DPR Sahkan RUU TNI di Tengah Gelombang Protes, Kekhawatiran Dwifungsi ABRI Mencuat
RUU TNI Disahkan DPR di Tengah Kontroversi
Dewan Perwakilan Rakyat (DPR) Republik Indonesia secara resmi mengesahkan Rancangan Undang-Undang (RUU) tentang Tentara Nasional Indonesia (TNI) menjadi undang-undang pada hari Kamis, 20 Maret 2025. Pengesahan ini dilakukan di tengah gelombang protes dari berbagai elemen masyarakat, terutama mahasiswa, yang menyuarakan kekhawatiran akan kembalinya dwifungsi ABRI seperti era Orde Baru.
Anggota Komisi I DPR dari Fraksi PDI-P, Mayjen (Purn) TB Hasanuddin, sebelumnya menyatakan belum mengetahui secara pasti agenda paripurna DPR, meskipun kemungkinan pengesahan RUU TNI pada hari tersebut terbuka. Sementara itu, Wakil Ketua Komisi I DPR, Dave Laksono, sehari sebelumnya telah mengindikasikan bahwa RUU TNI telah rampung di tingkat Komisi I dan siap untuk dibawa ke rapat paripurna.
Penolakan Publik dan Aksi Demonstrasi
Pengesahan RUU TNI ini menuai penolakan luas dari masyarakat sipil.
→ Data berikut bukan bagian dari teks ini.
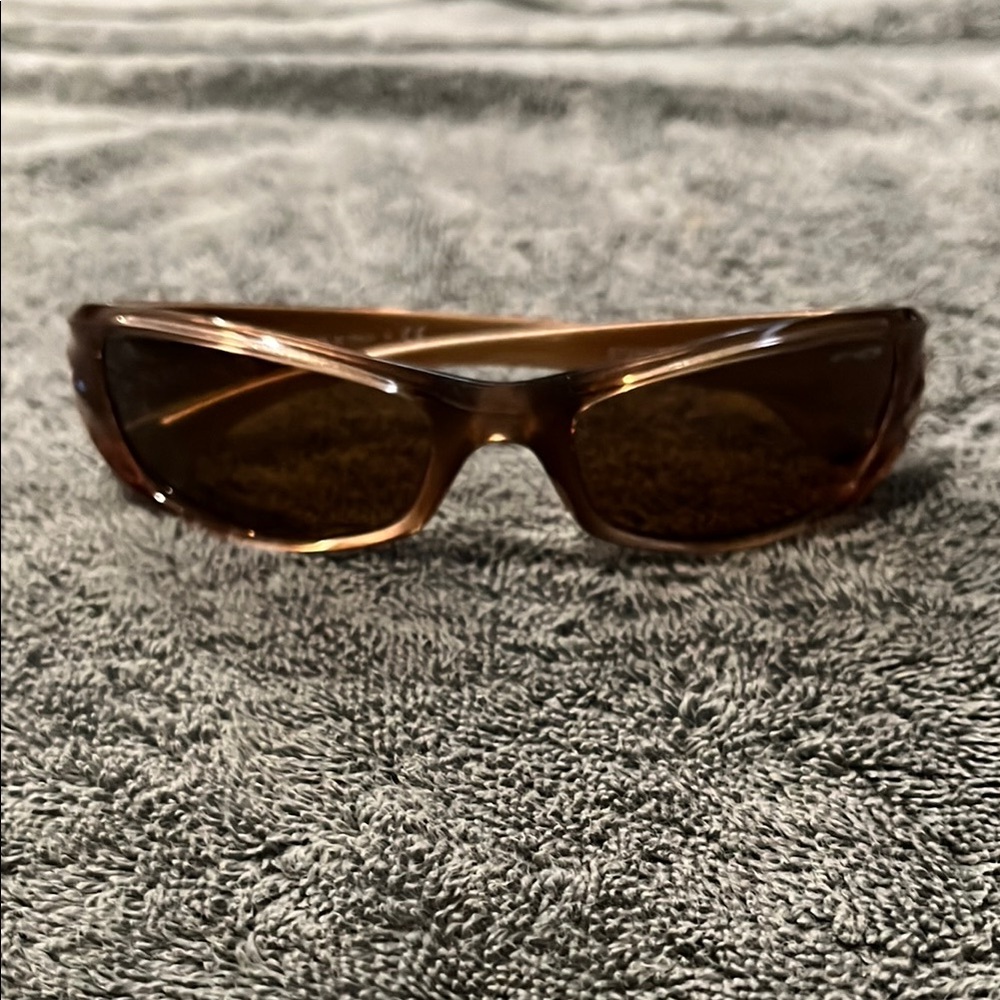 Arnette gold/amber Stance sunglasses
Kekhawatiran utama adalah potensi dihidupkannya kembali dwifungsi ABRI, yang memberikan peran ganda kepada militer dalam bidang pertahanan dan sosial-politik. Poin-poin krusial dalam RUU TNI yang menjadi sorotan antara lain:
- Penambahan Jabatan Sipil bagi TNI Aktif: RUU ini memperluas kesempatan bagi anggota TNI aktif untuk menduduki jabatan sipil, yang dikhawatirkan akan mengikis supremasi sipil.
- Kenaikan Usia Pensiun: Perubahan batas usia pensiun bagi prajurit TNI juga menjadi perdebatan, dengan argumentasi bahwa hal ini dapat menghambat regenerasi dan promosi di tubuh militer.
Sehari sebelum pengesahan, demonstrasi mahasiswa mewarnai depan Gedung DPR. Mahasiswa Universitas Trisakti, sebagai salah satu elemen demonstran, dengan tegas menolak RUU TNI dan menuding DPR serta Kementerian Pertahanan berupaya mengembalikan dwifungsi TNI.
"Amanat reformasi adalah bagaimana memberikan supremasi sipil yang seluas-luasnya dan menghentikan militeristik dalam ranah pemerintahan," tegas perwakilan mahasiswa Trisakti.
Para mahasiswa menolak audiensi dengan anggota DPR dan memilih untuk terus menyuarakan penolakan mereka terhadap RUU TNI.
Tanggapan Pemerintah
Menteri Hukum dan HAM (Menkumham), Supratman Andi Agtas, menanggapi aksi demonstrasi mahasiswa dengan menyatakan bahwa mereka mungkin belum memahami sepenuhnya materi perubahan dalam RUU TNI. Ia berpendapat bahwa kekhawatiran akan dwifungsi ABRI mungkin berlebihan jika melihat substansi RUU secara komprehensif.
"Semua tuntutan terkait dengan pembahasan rancangan Undang-Undang Tentara Nasional Indonesia saya sudah dengar. Karena itu beri saya kesempatan sebagai Menteri Hukum untuk berkomunikasi dengan pemerintah, dengan pimpinan DPR, dengan anggota Komisi I," ujar Supratman.
Menkumham meminta kesempatan untuk menjelaskan materi perubahan dalam RUU TNI kepada publik dan meyakinkan bahwa RUU tersebut tidak akan menghidupkan kembali dwifungsi ABRI. Meski demikian, pengesahan RUU TNI telah menjadi realitas, dan implikasinya terhadap hubungan sipil-militer di Indonesia akan terus menjadi perdebatan dan pengawasan publik.